# Almost done...



## Schmidt & Co. (Nov 6, 2008)

Just a little something I've been working on. :smile:


----------



## slinger58 (Feb 11, 2013)

Damn, look at the details! That's impressive, Paul. 

Were you able to keep your sanity intact? Lol


Sent from my iPhone using Tapatalk


----------



## Schmidt & Co. (Nov 6, 2008)

slinger58 said:


> Damn, look at the details! That's impressive, Paul.
> 
> Were you able to keep your sanity intact? Lol
> 
> ...


Never had any sanity to begin with.... :biggrin:

Seriously though, it's been a long time since I've done a painted lady and we're all getting our bush skills tested. It's been fun though.


----------



## RH (Sep 7, 2010)

Nice work indeed! But good lord!


----------



## ThreeSistersPainting (Jan 7, 2017)

This is very cool work. It's very rewarding when you finish a one of a kind paint job that the colors actually match.


----------



## fauxlynn (Apr 28, 2011)

Lookin' good! I love the colors!


----------



## chrisn (Jul 15, 2007)

Who devised the layout?


----------



## Delta Painting (Apr 27, 2010)

chrisn said:


> Who devised the layout?



Historical board of some sort? Cool job though.


----------



## chrisn (Jul 15, 2007)

Yes it is nice but those triangle thingies on the posts would be a real bitch:vs_laugh:


----------



## SemiproJohn (Jul 29, 2013)

Were any type of stencils used, especially for those designs painted in red?


----------



## woodcoyote (Dec 30, 2012)

Awesome work!
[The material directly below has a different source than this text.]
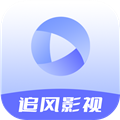 WWW,991se·COM网站APPAPP应用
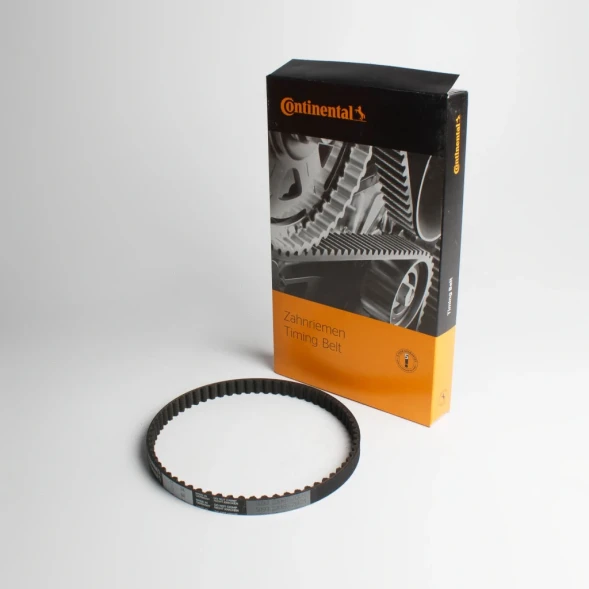 Ремень ГРМ Contitech CT1141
Love the paint colors, very unique to everything you find now adays. 

Could you detail the paint products used? Ben More, SW, Cali, etc? Curious to know what ya'll are using, nice vibrant colors and clean whites. 

Keep it up! Post more pics.


----------



## Schmidt & Co. (Nov 6, 2008)

```

```



chrisn said:


> Who devised the layout?


The customer did. It's a Chicago historical landmark and he's lived there since 1963.


----------



## Schmidt & Co. (Nov 6, 2008)

woodcoyote said:


> Awesome work! Love the paint colors, very unique to everything you find now adays.
> H
> Could you detail the paint products used? Ben More, SW, Cali, etc? Curious to know what ya'll are using, nice vibrant colors and clean whites.
> 
> Keep it up! Post more pics.


The white and tan is Benjamin Moore Moore Guard. I upgraded him to Aura for the red and teal.


----------



## Schmidt & Co. (Nov 6, 2008)

SemiproJohn said:


> Were any type of stencils used, especially for those designs painted in red?


No stencils used. All beveled edges were done in the red and we followed the profile of the corner. Of course they were cut by hand, and it was built in the 1880's, so nothing was really straight. We did a lot of "faking" a straight line with our cuts. :biggrin:


----------



## Woodco (Nov 19, 2016)

Wow!


----------



## Brushman4 (Oct 18, 2014)

Great work! My great-uncle and his wife used to live nearby on Catalpa, many years ago.


----------



## fauxlynn (Apr 28, 2011)

Brushman4 said:


> Great work! My great-uncle and his wife used to live nearby on Catalpa, many years ago.


My grandparents lived on Catalpa for many,many years.


----------



## Brushman4 (Oct 18, 2014)

fauxlynn said:


> My grandparents lived on Catalpa for many,many years.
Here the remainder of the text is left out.